(Data to use Opens)
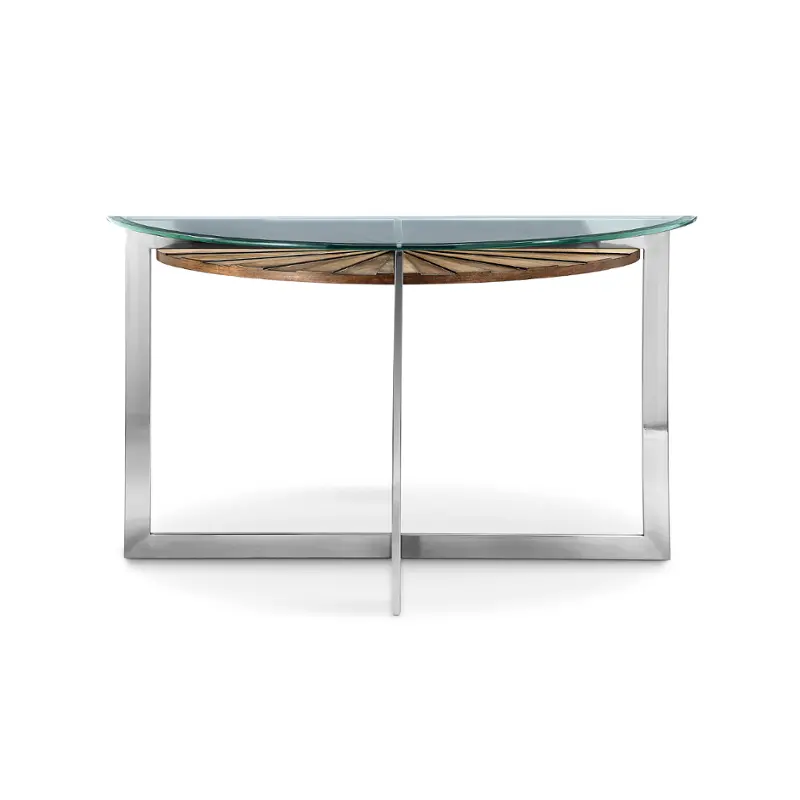 T3805-75 Magnussen Home Furniture Rialto Living Room Furniture Sofa Table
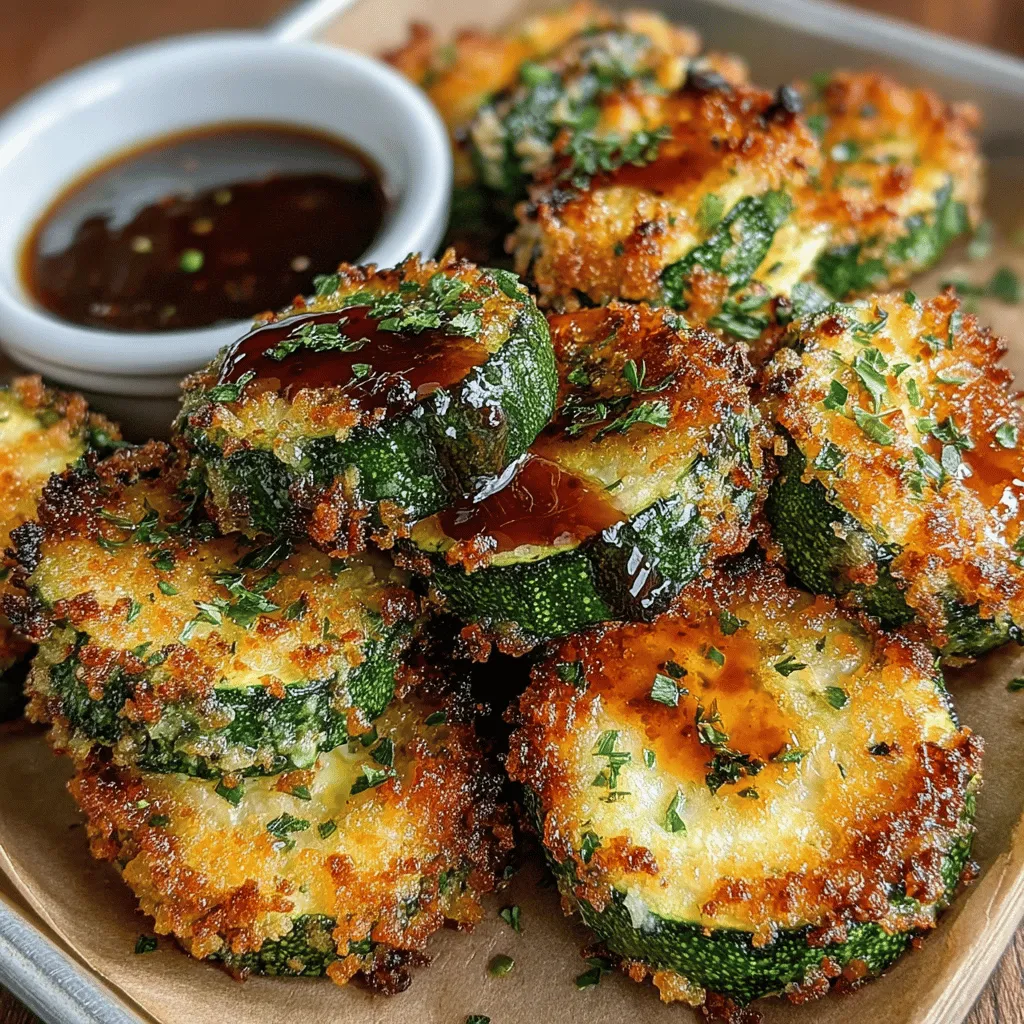 In a world increasingly focused on healthier eating habits, vegetable-based snacks have gained significant popularity. Among these, zucchini stands out as a versatile and nutritious option. Whether you’re looking for a light appetizer or a delightful side dish, Crunchy Zucchini Delight fits the bill perfectly. This recipe combines the subtle sweetness and moisture of zucchini with a crispy coating that makes it utterly irresistible. Not only is it delicious, but it also packs a nutritional punch, making it an ideal choice for those looking to incorporate more vegetables into their diet.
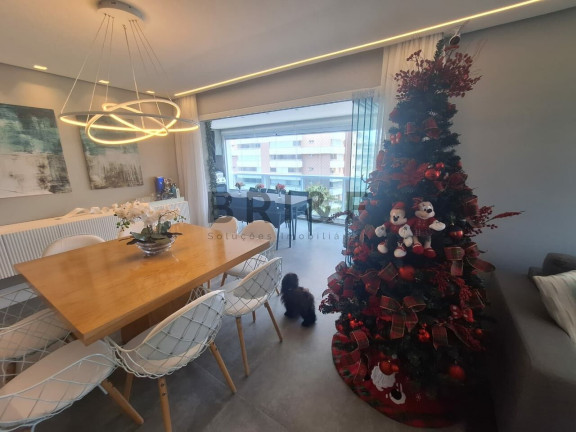 Imagem Apartamento com 3 Quartos à Venda, 165 m² em Vila Gertrudes - São Paulo
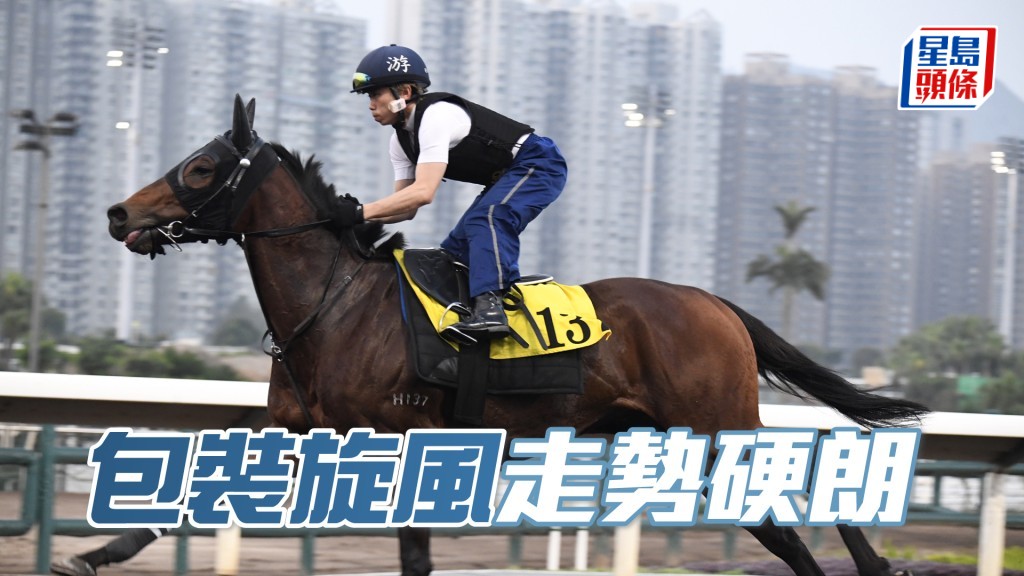 「包裝旋風」神色轉好復現起色。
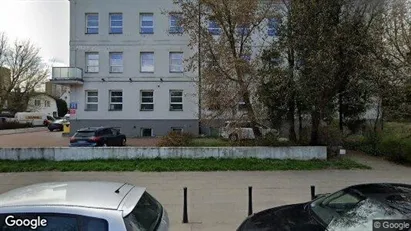 Företagslokaler för uthyrning i Warszawa Bielany – Foto från Google Street View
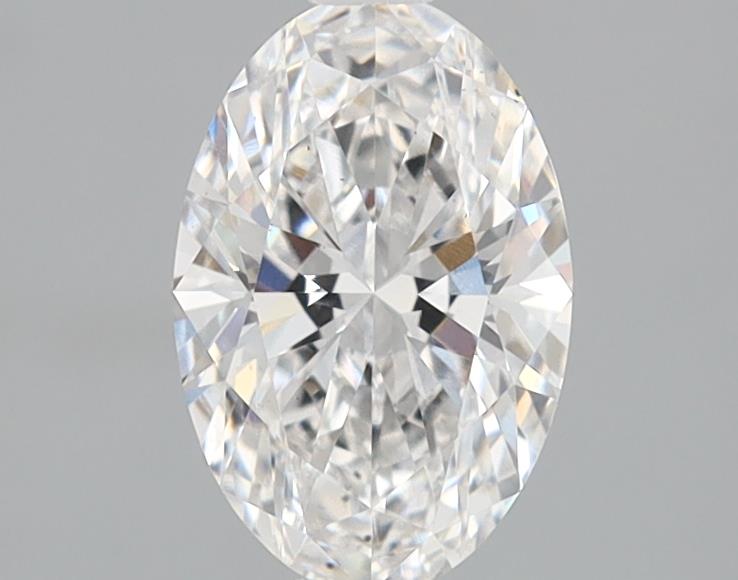 IGI 0.98 Carat Oval Lab Grown Diamond 人工培育鑽石 實驗室人造鑽石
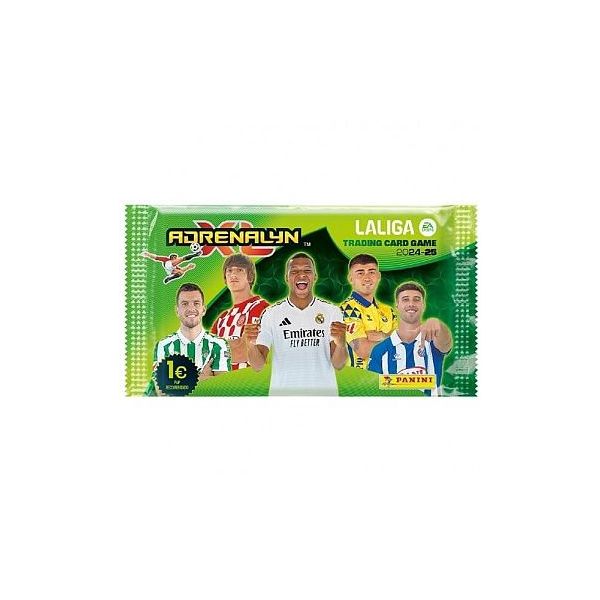 LALIGA 2024/2025 - ADRENALYN karty **** LALIGA 2024/2025 - ADRENALYN karty ****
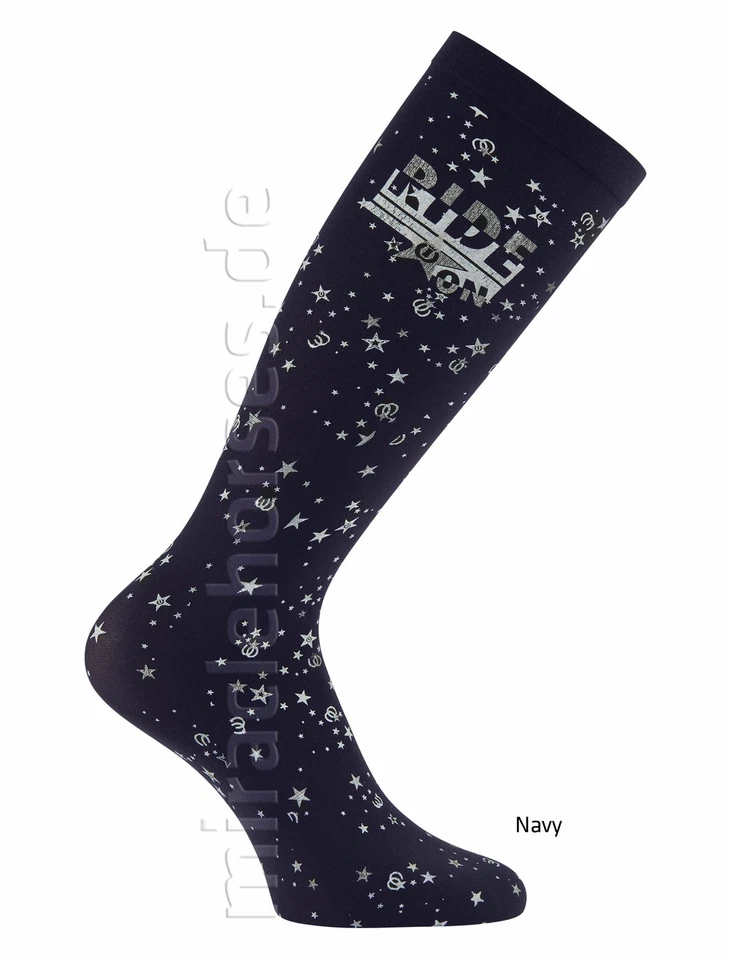 Imperial Riding Reitstrümpfe IRHRide-On Turnierstrümpfe dünn 35-38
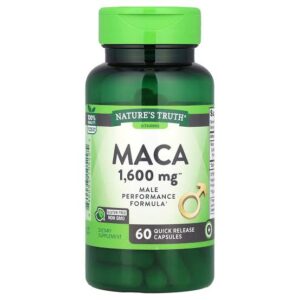 Maca Nature's Truth 60 caps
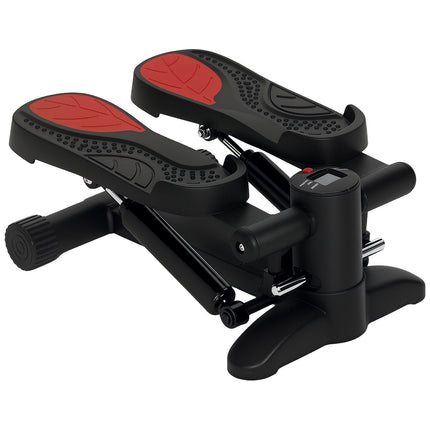 Mini-Stepper mit LCD, Heimtrainer für Beintraining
(Data to use Closes)
Transcribe all the lines above exactly; any image among them is skipped.

 T3805-75 Magnussen Home Furniture Rialto Living Room Furniture Sofa Table
 In a world increasingly focused on healthier eating habits, vegetable-based snacks have gained significant popularity. Among these, zucchini stands out as a versatile and nutritious option. Whether you’re looking for a light appetizer or a delightful side dish, Crunchy Zucchini Delight fits the bill perfectly. This recipe combines the subtle sweetness and moisture of zucchini with a crispy coating that makes it utterly irresistible. Not only is it delicious, but it also packs a nutritional punch, making it an ideal choice for those looking to incorporate more vegetables into their diet.
 Imagem Apartamento com 3 Quartos à Venda, 165 m² em Vila Gertrudes - São Paulo
 「包裝旋風」神色轉好復現起色。
 Företagslokaler för uthyrning i Warszawa Bielany – Foto från Google Street View
 IGI 0.98 Carat Oval Lab Grown Diamond 人工培育鑽石 實驗室人造鑽石
 LALIGA 2024/2025 - ADRENALYN karty **** LALIGA 2024/2025 - ADRENALYN karty ****
 Imperial Riding Reitstrümpfe IRHRide-On Turnierstrümpfe dünn 35-38
 Maca Nature's Truth 60 caps
 Mini-Stepper mit LCD, Heimtrainer für Beintraining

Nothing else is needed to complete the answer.